The problem:
Where the line containing "Extreme Online Store" appears in the entries below, begin there and output every line through the last, exactly, minus the pictures.

Listed records: Begin

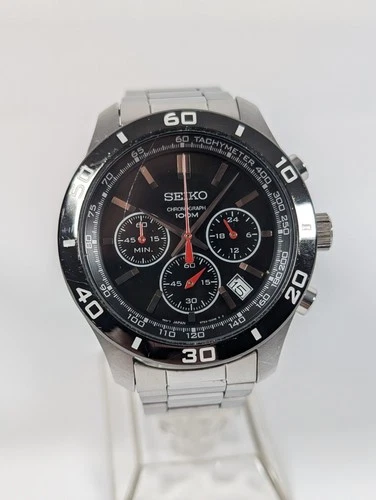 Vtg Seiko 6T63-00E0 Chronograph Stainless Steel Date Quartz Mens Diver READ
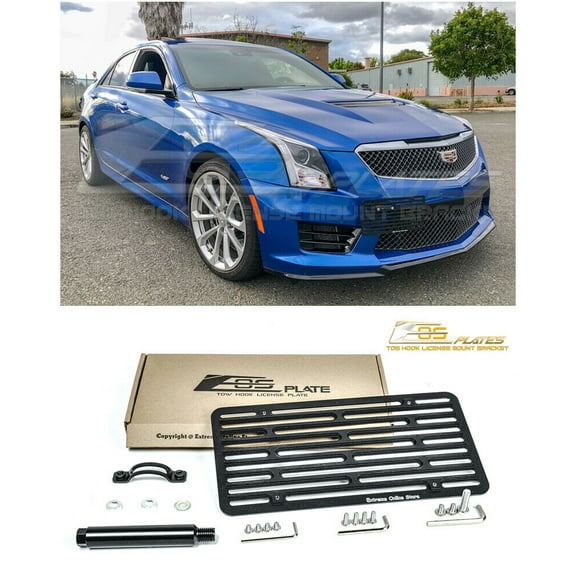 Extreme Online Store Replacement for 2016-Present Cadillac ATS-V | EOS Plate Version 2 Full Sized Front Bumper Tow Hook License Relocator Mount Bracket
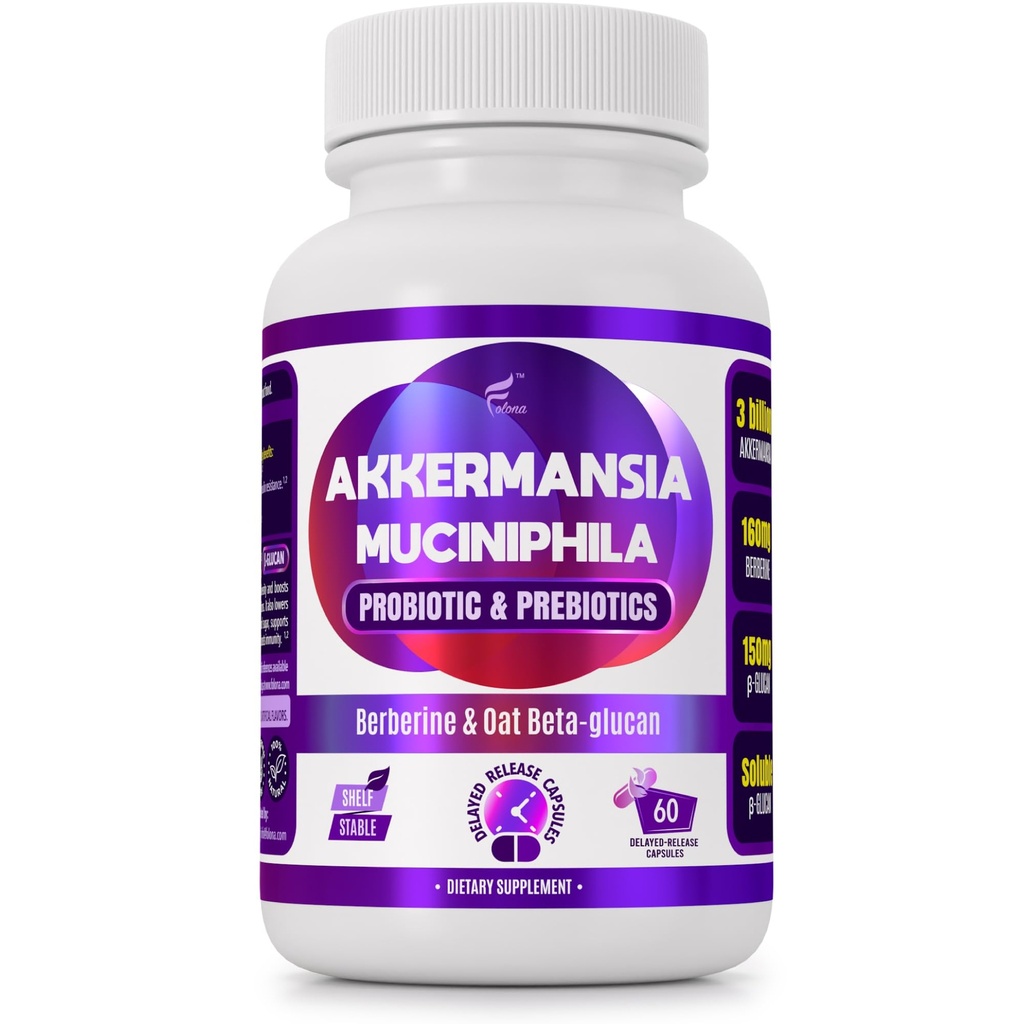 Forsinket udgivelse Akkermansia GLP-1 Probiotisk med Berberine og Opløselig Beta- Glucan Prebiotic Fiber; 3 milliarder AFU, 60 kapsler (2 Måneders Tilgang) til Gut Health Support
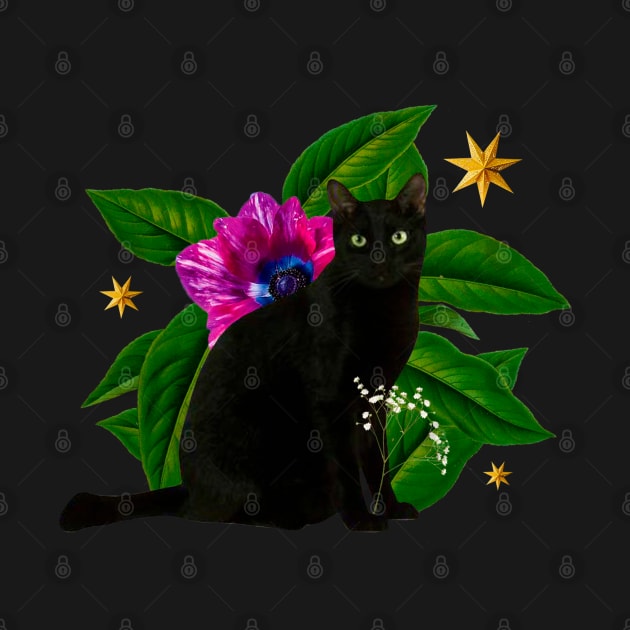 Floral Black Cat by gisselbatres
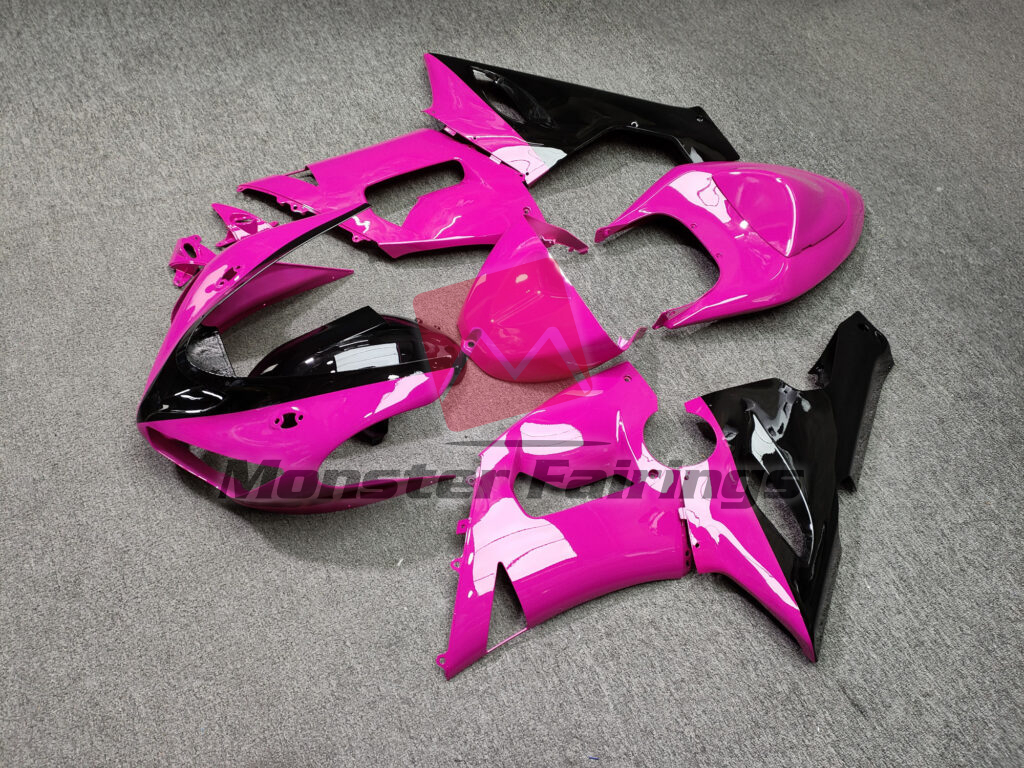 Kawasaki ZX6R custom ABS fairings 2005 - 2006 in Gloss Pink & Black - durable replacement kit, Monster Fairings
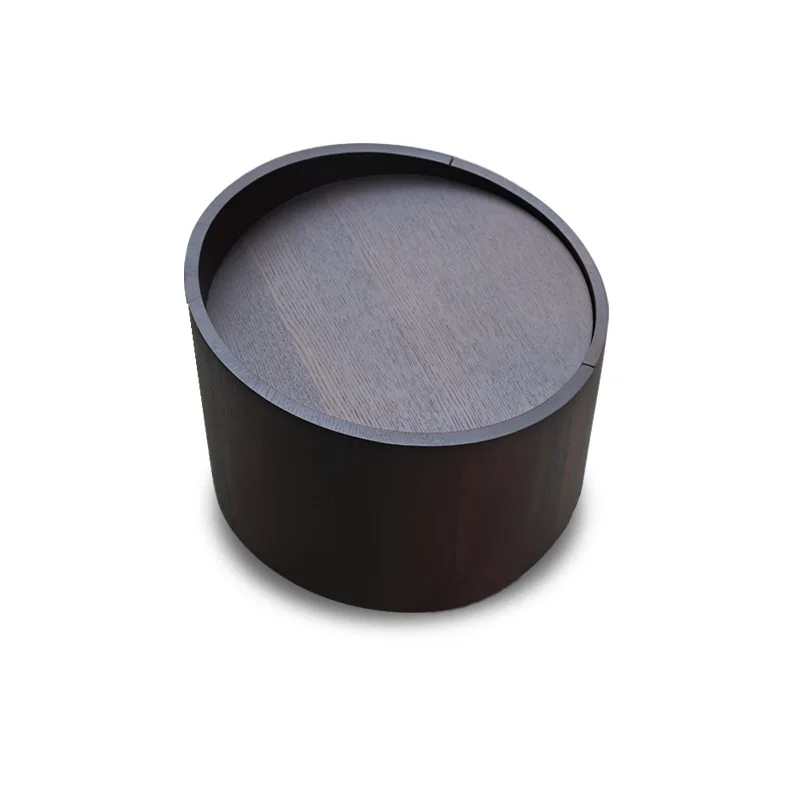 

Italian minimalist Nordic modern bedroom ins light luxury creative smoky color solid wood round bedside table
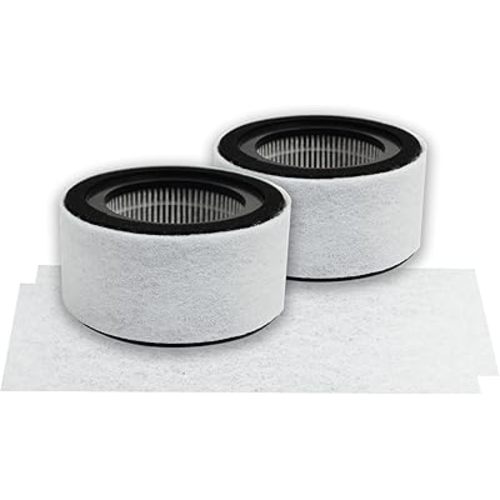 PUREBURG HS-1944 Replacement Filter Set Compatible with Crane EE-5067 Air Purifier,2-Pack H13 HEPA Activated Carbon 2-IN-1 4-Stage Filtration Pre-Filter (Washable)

Listed records: End

Response area:
 Extreme Online Store Replacement for 2016-Present Cadillac ATS-V | EOS Plate Version 2 Full Sized Front Bumper Tow Hook License Relocator Mount Bracket
 Forsinket udgivelse Akkermansia GLP-1 Probiotisk med Berberine og Opløselig Beta- Glucan Prebiotic Fiber; 3 milliarder AFU, 60 kapsler (2 Måneders Tilgang) til Gut Health Support
 Floral Black Cat by gisselbatres
 Kawasaki ZX6R custom ABS fairings 2005 - 2006 in Gloss Pink & Black - durable replacement kit, Monster Fairings

Italian minimalist Nordic modern bedroom ins light luxury creative smoky color solid wood round bedside table
 PUREBURG HS-1944 Replacement Filter Set Compatible with Crane EE-5067 Air Purifier,2-Pack H13 HEPA Activated Carbon 2-IN-1 4-Stage Filtration Pre-Filter (Washable)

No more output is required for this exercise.